Alors pourquoi, se demande-t-on, un tel ouvrage, qui semble plutôt faire provocation ?

Notons d'abord que le sujet n'est pas des plus anodins: Nicolas Sarkozy, président de France, en fin de quinquennat.
Et le sous titre explicite: ce qu'il n'aurait jamais dû nous dire..."Nous" : il s'agit de deux journalistes-écrivains connus et reconnus dans le monde du journalisme politique, Maurice Szafran, PDG du journal Marianne, et Nicolas Domenach, son acolyte à Marianne et journaliste à l'Edition Spéciale et sur I-télé.

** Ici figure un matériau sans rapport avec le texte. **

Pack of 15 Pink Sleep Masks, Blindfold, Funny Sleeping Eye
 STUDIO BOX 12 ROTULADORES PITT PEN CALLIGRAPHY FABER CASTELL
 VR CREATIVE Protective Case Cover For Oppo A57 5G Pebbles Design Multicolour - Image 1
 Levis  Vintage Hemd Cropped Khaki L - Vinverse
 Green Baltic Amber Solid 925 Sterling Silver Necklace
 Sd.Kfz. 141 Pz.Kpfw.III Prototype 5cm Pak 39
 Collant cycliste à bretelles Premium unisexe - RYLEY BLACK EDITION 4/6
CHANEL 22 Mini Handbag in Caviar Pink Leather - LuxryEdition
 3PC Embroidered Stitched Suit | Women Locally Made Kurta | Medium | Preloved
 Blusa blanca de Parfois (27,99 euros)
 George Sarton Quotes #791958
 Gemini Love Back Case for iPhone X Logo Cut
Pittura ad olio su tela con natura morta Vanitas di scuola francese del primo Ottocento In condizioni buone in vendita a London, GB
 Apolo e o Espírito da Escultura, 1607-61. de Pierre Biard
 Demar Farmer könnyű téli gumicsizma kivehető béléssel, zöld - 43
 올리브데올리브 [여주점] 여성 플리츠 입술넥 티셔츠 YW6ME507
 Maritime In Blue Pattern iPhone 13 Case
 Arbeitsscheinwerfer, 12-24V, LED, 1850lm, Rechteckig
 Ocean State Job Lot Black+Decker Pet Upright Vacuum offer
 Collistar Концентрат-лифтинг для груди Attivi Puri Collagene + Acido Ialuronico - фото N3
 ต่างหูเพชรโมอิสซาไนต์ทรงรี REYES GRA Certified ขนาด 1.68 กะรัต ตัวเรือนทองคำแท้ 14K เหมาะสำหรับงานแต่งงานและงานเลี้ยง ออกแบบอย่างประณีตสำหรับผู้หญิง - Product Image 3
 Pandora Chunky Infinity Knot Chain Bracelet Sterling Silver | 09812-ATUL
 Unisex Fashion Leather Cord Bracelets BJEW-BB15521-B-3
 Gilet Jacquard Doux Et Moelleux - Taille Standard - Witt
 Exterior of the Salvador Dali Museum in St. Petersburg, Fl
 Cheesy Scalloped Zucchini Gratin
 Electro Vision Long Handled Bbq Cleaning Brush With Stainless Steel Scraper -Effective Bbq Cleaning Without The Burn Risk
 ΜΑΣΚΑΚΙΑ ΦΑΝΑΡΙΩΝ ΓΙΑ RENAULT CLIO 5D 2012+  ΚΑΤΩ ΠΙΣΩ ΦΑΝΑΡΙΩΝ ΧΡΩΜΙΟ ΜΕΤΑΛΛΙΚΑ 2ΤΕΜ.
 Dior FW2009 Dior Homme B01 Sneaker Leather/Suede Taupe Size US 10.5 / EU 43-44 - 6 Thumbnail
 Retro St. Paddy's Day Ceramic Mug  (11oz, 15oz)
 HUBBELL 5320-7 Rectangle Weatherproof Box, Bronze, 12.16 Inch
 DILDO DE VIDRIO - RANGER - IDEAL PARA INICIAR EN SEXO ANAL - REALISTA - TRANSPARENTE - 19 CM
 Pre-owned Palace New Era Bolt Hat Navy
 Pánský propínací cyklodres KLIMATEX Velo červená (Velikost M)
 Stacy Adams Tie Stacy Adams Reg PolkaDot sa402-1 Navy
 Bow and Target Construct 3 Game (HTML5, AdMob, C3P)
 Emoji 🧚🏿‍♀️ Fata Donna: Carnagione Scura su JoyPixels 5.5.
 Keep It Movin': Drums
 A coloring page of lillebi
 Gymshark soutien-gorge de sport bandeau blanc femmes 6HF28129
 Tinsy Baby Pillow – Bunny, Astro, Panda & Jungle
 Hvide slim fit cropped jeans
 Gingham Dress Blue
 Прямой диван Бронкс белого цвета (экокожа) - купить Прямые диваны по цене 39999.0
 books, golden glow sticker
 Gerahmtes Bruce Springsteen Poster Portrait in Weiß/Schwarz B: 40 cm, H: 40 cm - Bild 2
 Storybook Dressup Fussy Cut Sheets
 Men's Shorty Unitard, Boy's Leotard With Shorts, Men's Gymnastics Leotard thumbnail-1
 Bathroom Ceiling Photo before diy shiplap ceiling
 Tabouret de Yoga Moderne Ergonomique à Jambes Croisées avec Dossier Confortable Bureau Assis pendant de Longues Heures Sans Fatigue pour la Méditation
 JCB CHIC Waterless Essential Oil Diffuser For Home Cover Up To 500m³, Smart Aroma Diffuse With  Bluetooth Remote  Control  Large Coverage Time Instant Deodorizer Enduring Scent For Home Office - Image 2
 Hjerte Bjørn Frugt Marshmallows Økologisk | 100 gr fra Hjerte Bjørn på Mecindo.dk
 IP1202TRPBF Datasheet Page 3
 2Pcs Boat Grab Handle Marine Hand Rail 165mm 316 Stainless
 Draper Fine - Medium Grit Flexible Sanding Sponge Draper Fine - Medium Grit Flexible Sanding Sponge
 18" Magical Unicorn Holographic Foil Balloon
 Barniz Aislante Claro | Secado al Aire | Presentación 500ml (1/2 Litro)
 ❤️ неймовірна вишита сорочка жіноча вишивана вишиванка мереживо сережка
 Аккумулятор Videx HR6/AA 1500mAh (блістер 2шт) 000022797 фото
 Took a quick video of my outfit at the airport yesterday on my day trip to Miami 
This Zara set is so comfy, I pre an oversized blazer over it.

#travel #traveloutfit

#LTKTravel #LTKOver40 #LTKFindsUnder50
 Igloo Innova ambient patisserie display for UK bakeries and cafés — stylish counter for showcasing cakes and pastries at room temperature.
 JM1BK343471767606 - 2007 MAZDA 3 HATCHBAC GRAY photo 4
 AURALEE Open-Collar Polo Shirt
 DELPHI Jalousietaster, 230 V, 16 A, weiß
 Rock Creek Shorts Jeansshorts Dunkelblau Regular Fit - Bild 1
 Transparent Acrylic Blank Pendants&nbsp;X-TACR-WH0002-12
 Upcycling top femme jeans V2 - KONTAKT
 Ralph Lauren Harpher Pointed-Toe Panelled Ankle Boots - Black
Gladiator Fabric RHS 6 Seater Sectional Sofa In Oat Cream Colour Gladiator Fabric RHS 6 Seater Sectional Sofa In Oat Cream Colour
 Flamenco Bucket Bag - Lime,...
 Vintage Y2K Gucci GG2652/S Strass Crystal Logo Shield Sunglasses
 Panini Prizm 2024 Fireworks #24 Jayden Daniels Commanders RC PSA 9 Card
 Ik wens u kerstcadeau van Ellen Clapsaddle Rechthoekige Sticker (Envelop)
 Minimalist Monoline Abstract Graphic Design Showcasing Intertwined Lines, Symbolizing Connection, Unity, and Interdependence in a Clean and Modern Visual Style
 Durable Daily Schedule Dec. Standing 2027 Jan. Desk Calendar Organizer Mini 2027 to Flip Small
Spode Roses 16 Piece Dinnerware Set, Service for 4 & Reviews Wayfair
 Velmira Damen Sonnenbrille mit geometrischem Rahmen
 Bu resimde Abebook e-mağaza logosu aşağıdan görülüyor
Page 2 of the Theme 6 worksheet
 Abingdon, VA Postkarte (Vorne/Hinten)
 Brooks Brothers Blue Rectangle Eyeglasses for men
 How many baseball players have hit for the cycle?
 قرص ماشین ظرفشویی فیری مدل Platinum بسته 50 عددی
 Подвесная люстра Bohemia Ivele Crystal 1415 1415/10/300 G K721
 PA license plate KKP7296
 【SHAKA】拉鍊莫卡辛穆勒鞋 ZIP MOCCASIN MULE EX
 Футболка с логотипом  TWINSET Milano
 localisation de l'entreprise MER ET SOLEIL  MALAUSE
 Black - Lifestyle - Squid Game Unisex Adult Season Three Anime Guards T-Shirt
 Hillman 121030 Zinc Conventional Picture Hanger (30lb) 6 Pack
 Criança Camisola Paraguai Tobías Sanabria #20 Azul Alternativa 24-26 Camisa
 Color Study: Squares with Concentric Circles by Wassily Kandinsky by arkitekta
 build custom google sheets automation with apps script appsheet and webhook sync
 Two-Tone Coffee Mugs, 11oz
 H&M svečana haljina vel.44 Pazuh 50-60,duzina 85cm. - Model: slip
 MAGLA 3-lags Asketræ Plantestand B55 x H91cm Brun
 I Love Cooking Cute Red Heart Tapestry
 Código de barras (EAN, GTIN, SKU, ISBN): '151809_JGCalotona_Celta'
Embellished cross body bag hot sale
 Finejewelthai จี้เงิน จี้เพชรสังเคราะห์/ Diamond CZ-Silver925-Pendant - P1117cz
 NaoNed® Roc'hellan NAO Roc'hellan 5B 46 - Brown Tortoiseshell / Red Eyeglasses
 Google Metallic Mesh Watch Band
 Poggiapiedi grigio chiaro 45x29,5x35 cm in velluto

Ils nous décrivent un Nicolas Sarkozy rencontré il y a des années, jeune, alors que sa loyauté oscillait entre Jacques Chirac et Edouard Balladur, bravant les erreurs de jugement dignement, s'accrochant toujours à une ambition qui aurait paru à beaucoup démesurée. Nicolas Sarkozy n'a rien de l'énarque ou de l'aristocrate dont la figure est beaucoup plus courante dans la scène politique française. Sa jeunesse reste un peu floue, entre bohème et bourgeoisie.
Mais il s'agit aussi et surtout du portrait d'un homme d'affect, plus que de raison : qu'il s'agisse d'élans d'affection ou de colère, rien n'est, ou ne semble mesuré. Mais qui est finalement cet homme politique au tempérament exubérant, parlant sèchement, parfois même vulgairement, mais maniant des discours politiques non moins efficaces?
Certains épisodes laissent le lecteur mal à l'aise tant le président semble y être dévoilé, qu'il s'agisse de sa rupture avec Cécilia, ou de son remariage avec Carla Bruni...
Les deux auteurs n'avaient pas en tête de faire un (autre) livre de politique, mais de parler de psychologie, et de ses conséquences (mais là le lecteur est laissé libre de les appréhender sur la gestion d'un pays, les deux auteurs ne faisant pas le pont eux-mêmes entre les faits relatés et les conséquences sur le fonctionnement de notre vie politique).
Reste que beaucoup des débordements ici relatés demeurent connus des caméras et ont beaucoup tournés sur nos divers écrans (exemple le plus facile, le fameux "casse toi pauv' con" lancé à un agriculteur qui refusait de lui serrer la main).
Mais l'on pourra aussi s'interroger sur cette autre question: où, dans notre époque, et plus précisément dans notre monde occidental, se situe encore la délimitation entre le privé et le public?
Qu'est-ce que ce "off" devenu publiable, si ce n'est peut être la rupture de cette digue, qui délimitait ces deux domaines?
A une époque où explosent dans les médias les émissions de télé réalité, où les réseaux sociaux sont à leurs sommets (facebook, twiter...), on ne peut que se demander: Nicolas Sarkozy, exception ou symptôme? Est-il responsable d’avoir entraîné le monde politique dans certaines des dérives de la bulle médiatique de son époque ? On ne manquera pas pourtant de se rappeler que ce sont les président Pompidou et surtout Giscard qui, les premiers, ont fait entrer les caméras dans leur vie privée.
Les auteurs croient à l'exception de ce personnage hors normes, dans ses forces comme dans ses faiblesses. On ne saura jamais vraiment ce qui relevait de la maîtrise ou de la perte de contrôle dans ces moments secrets qui constituent la matière de ce livre.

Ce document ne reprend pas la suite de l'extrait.